Introduction

The World Health Organization (WHO) [1] explains that the circular economy (CE) is “… a concept that focuses on closed loop material flows and the reduced consumption of virgin resources … (by)...changing models of consumption to maintain the highest value of materials and products and a change in utilisation patterns to extend product life.” This is illustrated in the European Commission’s framework for the CE comprising production, consumption, waste management and ‘from waste to resources’ whereby ‘secondary raw materials’ can be used just as new materials [2, 3]. The CE concept for human production and consumption – ‘renew, remake, and share’ – has been proposed widely as an alternative to the traditional linear concept – ‘take, make, and dispose’ – to minimise resource input, waste, emissions, and energy leakage through reduce, remanufacture, repair, renew, reuse, and recycle principles [4]. These principles are applied holistically from resource extraction, to parts and product manufacturing, consumer use and then into a cascade of share, maintain, reuse, redistribute, refurbish, and recycle activities. For example, substitution of finite, non-renewable resources with renewable resources enhances natural capital stocks and balances renewable resource flows [1]. Here, we consider the risks and opportunities of the CE for low- and middle-income countries (LMICs), acknowledging that LMICs must identify their own opportunities, and recognising the potential positive and negative environmental health impacts of CE. We also consider positive synergies related to CE implementation and achievement of several SDGs when an intersectoral approach is adopted.

Circular economy in the context of developing countries

Within LMICs countries, the CE has been identified as an opportunity to progress towards sustainable development, resource efficiency, and a low-carbon economy. Developed countries, particularly those in the European Union (EU), are driven largely by issues of resource constraints and have consequently widely adopted the CE concept into policy [1]. The CE has found traction within developed countries; however, this is not the case in LMICs that are still largely coming to terms with the CE concept and its national relevance. Significant gaps persist in the understanding of whether adoption of CE practices in the ‘Global South’ will contribute positively towards economic growth, jobs, and sustainable development. However, it is important to acknowledge that lower-income countries are in many ways already more ‘circular’ than their developed-economy counterparts. A CE is often the default economy in a low-income setting because of lower levels of consumption and lesser availability of material goods [5]. The question is how to turn CE into a development opportunity [4] and how to protect and promote health in the transition of its realisation. To date, the implementation of the CE in LMICs has mostly been undertaken informally, driven mainly by poverty and unemployment, and includes activities such as recycling, repair, and reuse. As such, there are many missed opportunities for cleaner production; remanufacturing, product sharing; increased responsibility and awareness among producers and consumers; the use of renewable technologies and materials; and the adoption of appropriate policies and tools.

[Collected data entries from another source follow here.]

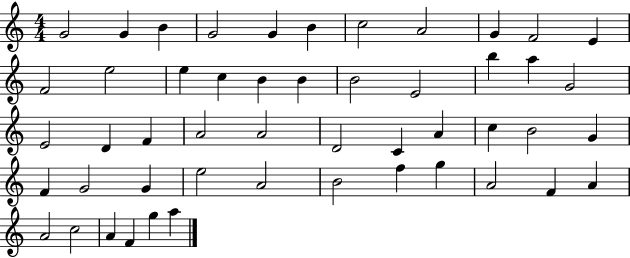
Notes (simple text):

G4/h G4/q B4/q G4/h G4/q B4/q C5/h A4/h G4/q F4/h E4/q F4/h E5/h E5/q C5/q B4/q B4/q B4/h E4/h B5/q A5/q G4/h E4/h D4/q F4/q A4/h A4/h D4/h C4/q A4/q C5/q B4/h G4/q F4/q G4/h G4/q E5/h A4/h B4/h F5/q G5/q A4/h F4/q A4/q A4/h C5/h A4/q F4/q G5/q A5/q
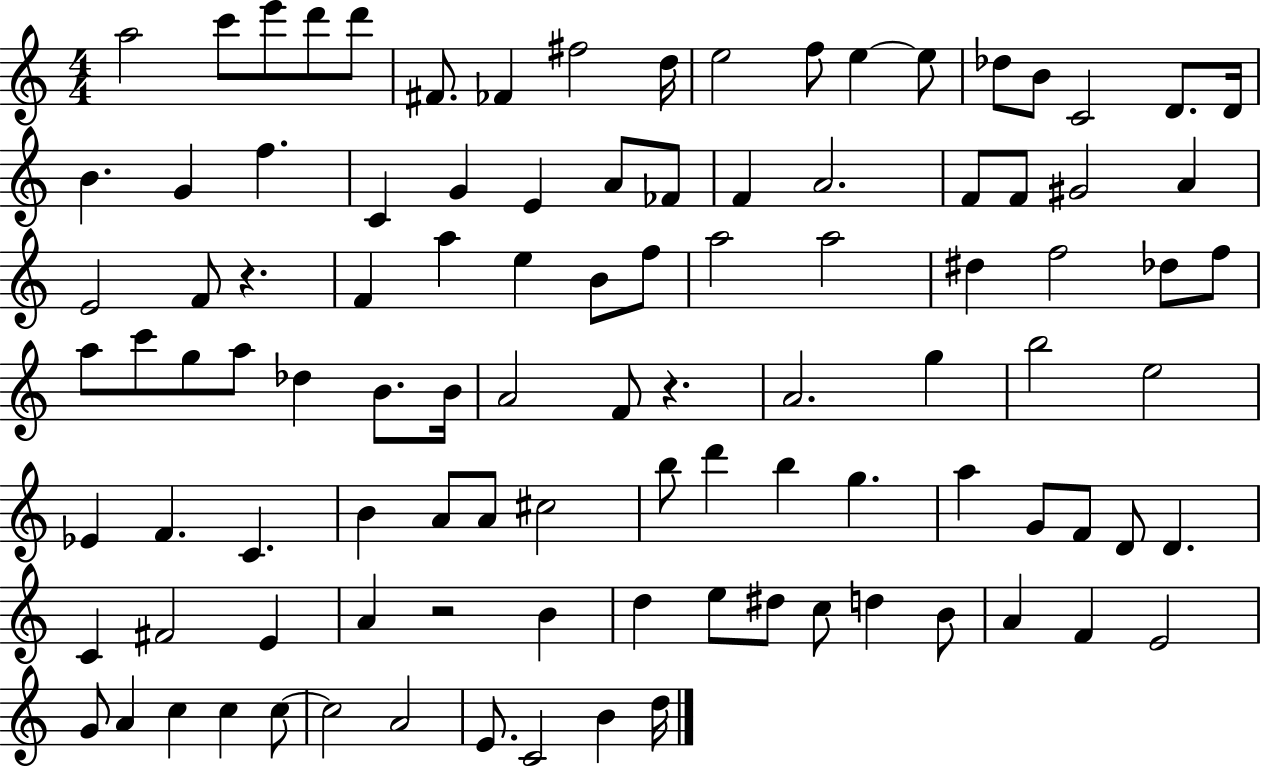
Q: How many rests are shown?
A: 3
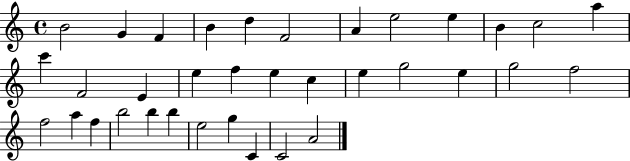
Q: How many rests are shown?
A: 0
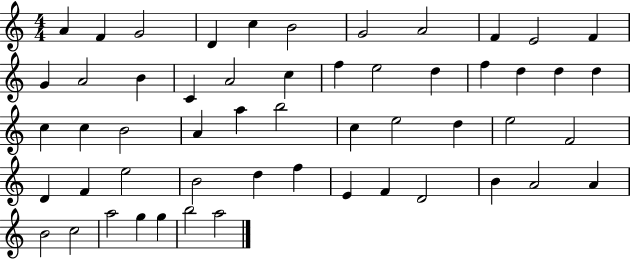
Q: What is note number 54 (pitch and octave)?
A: A5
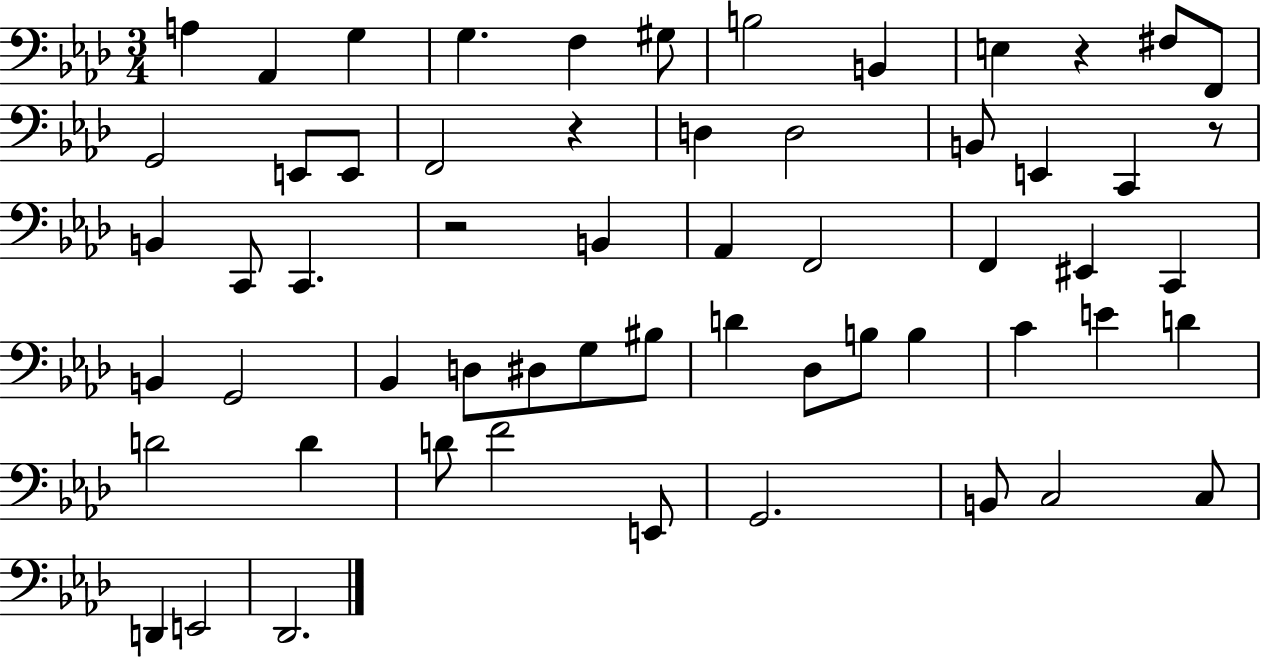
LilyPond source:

{
  \clef bass
  \numericTimeSignature
  \time 3/4
  \key aes \major
  \repeat volta 2 { a4 aes,4 g4 | g4. f4 gis8 | b2 b,4 | e4 r4 fis8 f,8 | \break g,2 e,8 e,8 | f,2 r4 | d4 d2 | b,8 e,4 c,4 r8 | \break b,4 c,8 c,4. | r2 b,4 | aes,4 f,2 | f,4 eis,4 c,4 | \break b,4 g,2 | bes,4 d8 dis8 g8 bis8 | d'4 des8 b8 b4 | c'4 e'4 d'4 | \break d'2 d'4 | d'8 f'2 e,8 | g,2. | b,8 c2 c8 | \break d,4 e,2 | des,2. | } \bar "|."
}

While the key drivers for adopting CE principles in developed countries include resource security and environmental sustainability, for LMICs, the drivers may include ‘extracting value’ from waste as secondary resources that can be used to create livelihoods, generate jobs, and reduce poverty. Ironically, it is in these and related activities that environmental health risks exist. It is critical, while unpacking the opportunities that the CE provides for LMICs, to consider the potential positive and negative environmental health impacts. This is particularly relevant for LMICs given the large, active informal sector and the labour-intensive approach adopted by government and business, as well as the relative lack of regulation to protect workers’ health. In addition, the CE may help deal with the pressures of industrialisation and urbanisation as LMICs are facing a growing waste crisis, which has major consequences for environmental and health outcomes [6].

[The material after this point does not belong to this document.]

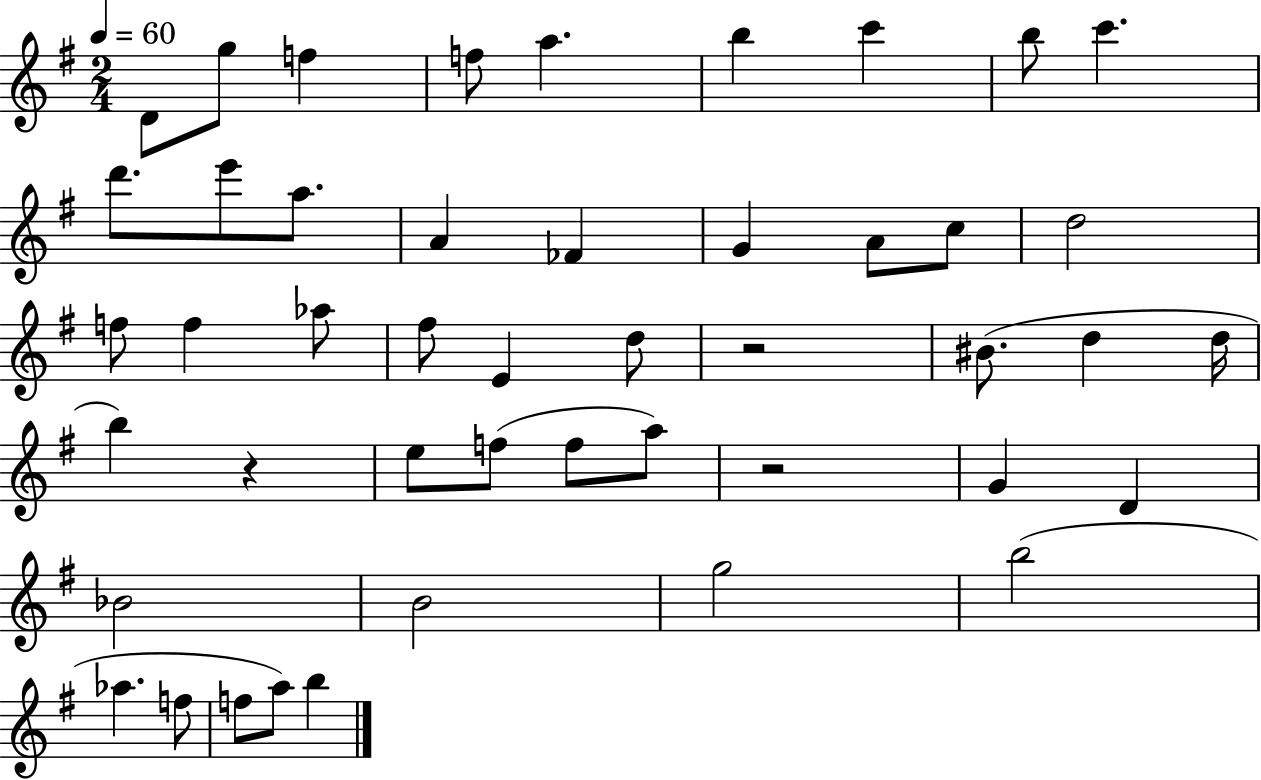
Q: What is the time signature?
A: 2/4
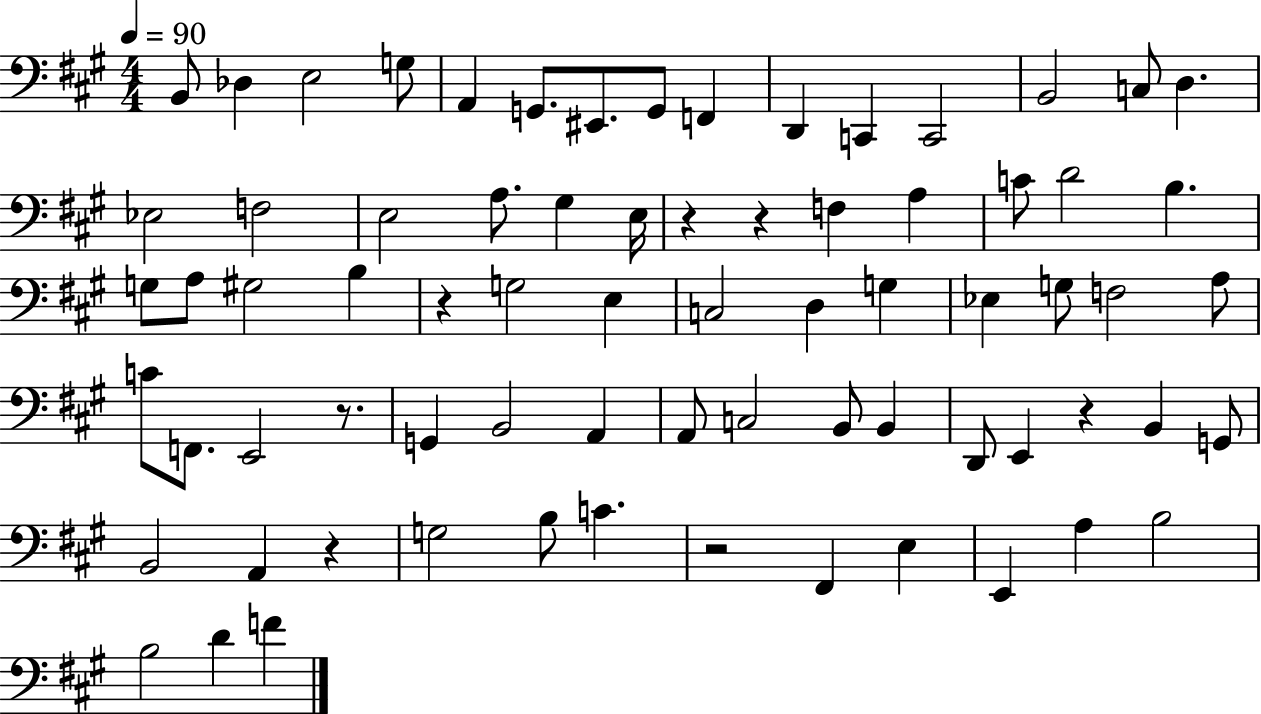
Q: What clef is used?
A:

Environmental health perspective

Environmental health aims to prevent adverse impacts on human health from all environmentally derived factors (such as waste, water, and air pollution), and create health-supportive environments. “Environmental health addresses all the physical, chemical, and biological factors external to a person, and all the related factors impacting behaviours …. (and) … it encompasses the assessment and control of those environmental factors that can potentially affect health” [5]. The successful use of the CE principles within economic planning and policymaking is dependent on an achievement of net gains, ensuring that positive effects outweigh the negative impacts for the environment, and the health and living standards of society.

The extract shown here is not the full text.